Exercise directions
Without the images, print every line of the material below exactly as given.

Material provided
|---|

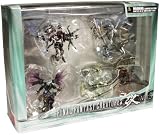 Final Fantasy Creatures Kai Set Vol 3IMAGE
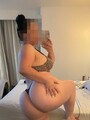 FOTOS DE CHAPARRITA PIERNUDA CADERONA EN TIJUANA VOY A SAN DIEGO HAZ TU CITA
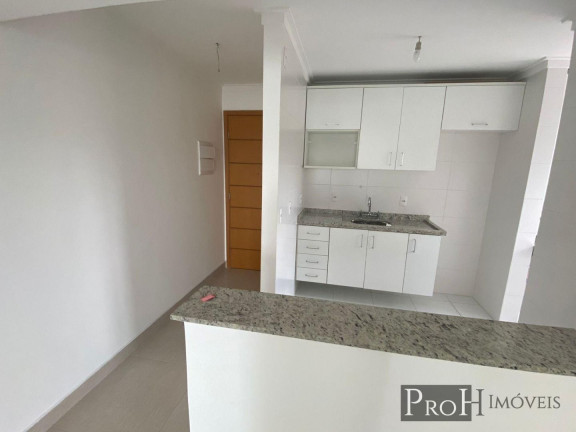 Imagem Apartamento com 2 Quartos à Venda, 53 m² em Rudge Ramos - São Bernardo Do Campo Imagem Apartamento com 2 Quartos à Venda, 53 m² em Rudge Ramos - São Bernardo Do Campo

|---|

Reply
 Final Fantasy Creatures Kai Set Vol 3IMAGE
 FOTOS DE CHAPARRITA PIERNUDA CADERONA EN TIJUANA VOY A SAN DIEGO HAZ TU CITA
 Imagem Apartamento com 2 Quartos à Venda, 53 m² em Rudge Ramos - São Bernardo Do Campo Imagem Apartamento com 2 Quartos à Venda, 53 m² em Rudge Ramos - São Bernardo Do Campo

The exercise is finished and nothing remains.